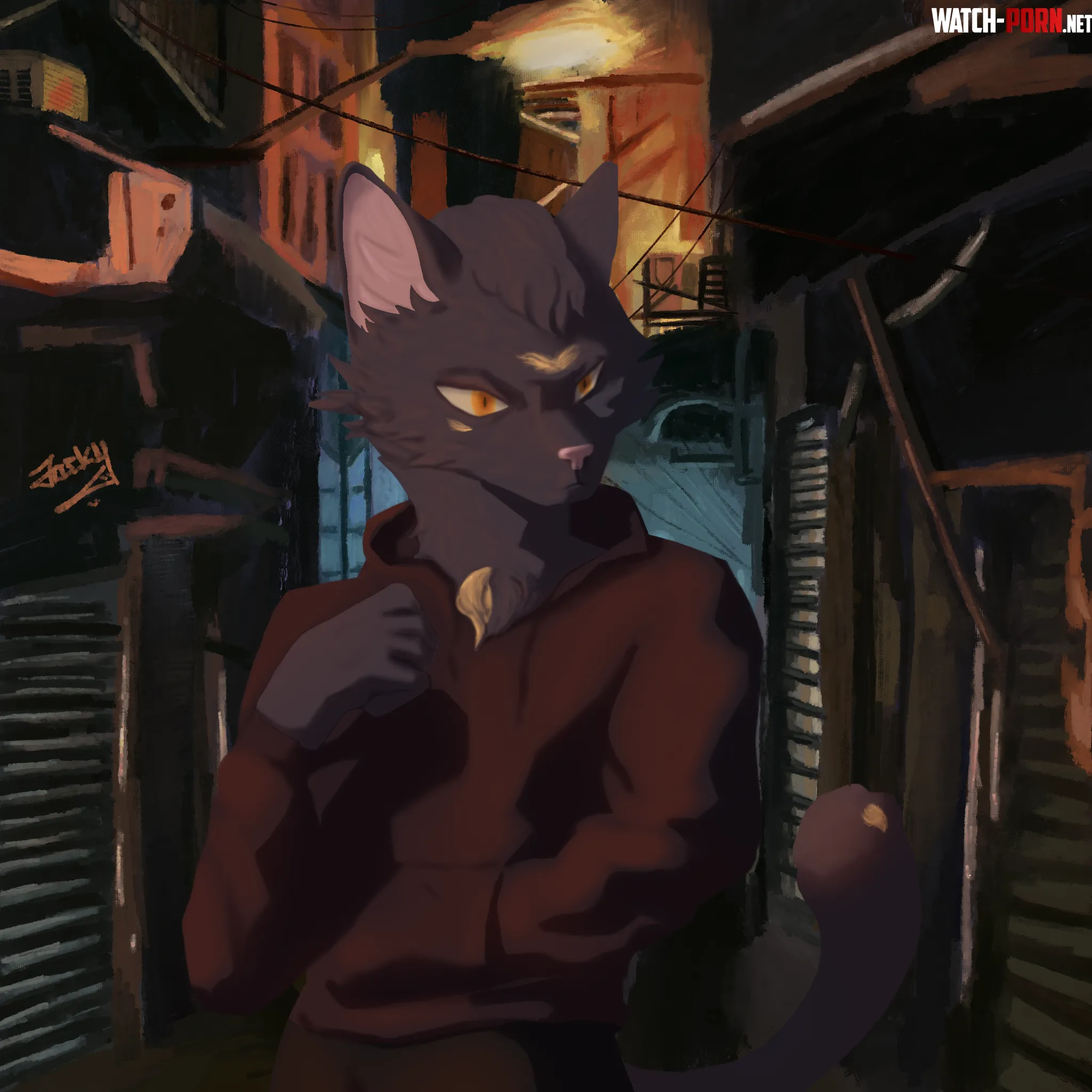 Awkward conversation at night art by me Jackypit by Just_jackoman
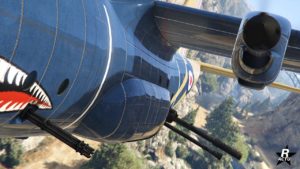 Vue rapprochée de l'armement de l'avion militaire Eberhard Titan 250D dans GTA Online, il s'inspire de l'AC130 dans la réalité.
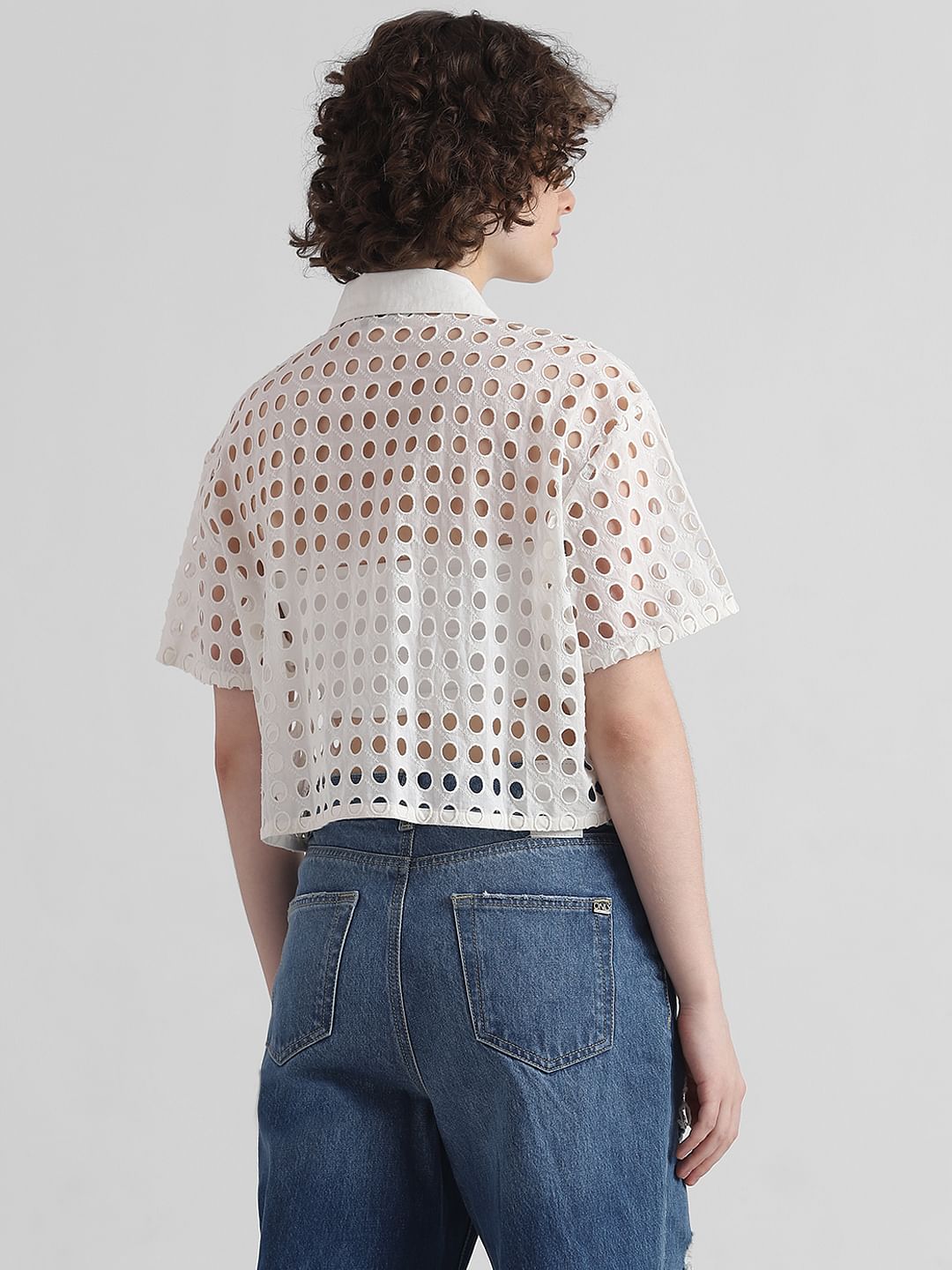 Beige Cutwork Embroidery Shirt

◆ What needs to be done:
The task requires the full listing to be given again verbatim, without its pictures.

◆ Task result:
 Awkward conversation at night art by me Jackypit by Just_jackoman
 Vue rapprochée de l'armement de l'avion militaire Eberhard Titan 250D dans GTA Online, il s'inspire de l'AC130 dans la réalité.
 Beige Cutwork Embroidery Shirt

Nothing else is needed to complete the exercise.